■ THE PROBLEM: Output only the lines below from the one containing "A Scottish agate" to the one containing "Hourglass Veil Mineral", exactly as written, both ends kept.

Short web captions
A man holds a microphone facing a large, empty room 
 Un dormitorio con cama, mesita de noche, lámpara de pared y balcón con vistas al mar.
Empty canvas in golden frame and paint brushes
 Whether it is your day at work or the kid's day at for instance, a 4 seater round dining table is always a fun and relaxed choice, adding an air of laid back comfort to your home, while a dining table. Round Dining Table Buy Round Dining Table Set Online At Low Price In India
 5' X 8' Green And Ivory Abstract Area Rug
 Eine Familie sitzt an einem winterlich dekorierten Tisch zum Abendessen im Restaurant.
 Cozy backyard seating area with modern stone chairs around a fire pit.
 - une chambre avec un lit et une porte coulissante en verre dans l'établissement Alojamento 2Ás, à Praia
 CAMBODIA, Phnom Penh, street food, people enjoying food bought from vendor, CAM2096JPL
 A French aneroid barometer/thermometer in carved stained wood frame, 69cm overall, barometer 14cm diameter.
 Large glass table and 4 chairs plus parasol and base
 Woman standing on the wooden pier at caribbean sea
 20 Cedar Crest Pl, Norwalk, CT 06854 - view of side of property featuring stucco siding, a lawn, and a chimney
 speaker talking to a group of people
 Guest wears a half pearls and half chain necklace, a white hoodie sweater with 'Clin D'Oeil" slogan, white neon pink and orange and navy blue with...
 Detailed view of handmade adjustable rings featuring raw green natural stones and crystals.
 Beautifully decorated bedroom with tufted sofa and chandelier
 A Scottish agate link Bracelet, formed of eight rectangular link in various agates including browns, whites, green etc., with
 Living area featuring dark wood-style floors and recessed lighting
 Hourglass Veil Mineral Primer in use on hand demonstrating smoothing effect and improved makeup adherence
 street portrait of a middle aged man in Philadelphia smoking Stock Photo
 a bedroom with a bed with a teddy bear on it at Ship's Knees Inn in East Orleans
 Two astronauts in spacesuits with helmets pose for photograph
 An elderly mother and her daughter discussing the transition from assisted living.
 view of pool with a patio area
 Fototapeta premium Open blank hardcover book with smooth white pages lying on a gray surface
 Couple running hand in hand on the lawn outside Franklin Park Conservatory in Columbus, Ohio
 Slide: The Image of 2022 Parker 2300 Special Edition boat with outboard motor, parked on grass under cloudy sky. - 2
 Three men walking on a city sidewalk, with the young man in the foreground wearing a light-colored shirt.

■ ANSWER FOR THE TASK:
 A Scottish agate link Bracelet, formed of eight rectangular link in various agates including browns, whites, green etc., with
 Living area featuring dark wood-style floors and recessed lighting
 Hourglass Veil Mineral Primer in use on hand demonstrating smoothing effect and improved makeup adherence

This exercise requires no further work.